The State Consumer Disputes Redressal Commission has asked the BMC to modify its development control rules which currently allow a builder get away with fewer car spaces than required. The builders eventually charge for the parking lots over and above the price of the apartment. According to the Supreme Court order which says that under the Maharashtra Ownership Flats Act (MOFA), a promoter has no right to sell any portion of a building which does not fall under the definition of a ‘flat’.
The complaint was made by two senior citizens from Arjun Co-operative Housing Society in Malad where the builder had created only 40 parking spaces as per the sanctioned plans, though he constructed 60 apartments in the redeveloped property. He had then sought to divide even these parking lots between the original habitants of the society did not have parking lots to park their respective cars or bikes.
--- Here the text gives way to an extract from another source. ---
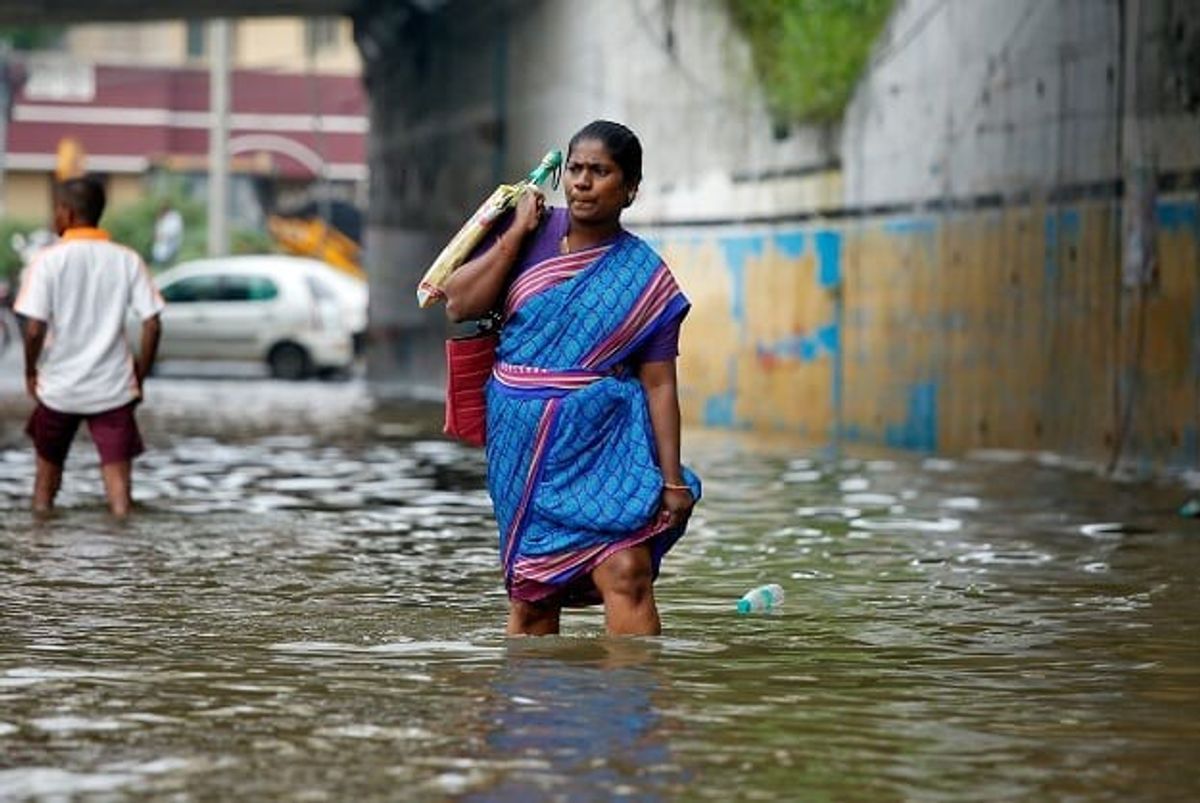 Wall collapse kills 17 in Tamil Nadu village following rains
While the original inhabitants of the society did not have parking lots, the housing society was trying to sell these spaces at market prices. According to the existing DCR rules, in the suburbs a builder is liable to provide only one parking space for four tenements, each measuring over 35sqm, among other provisons. The SCDRC panel member and former justice AP Bhangale and member Dr. S K Kakade, also asked housing societies to frame laws accordingly, ‘if car parking spaces are in surplus, they can be reserved for visitors. In case parking lots are less, by- laws should be framed in such a way that these are rotated among flat purchasers’.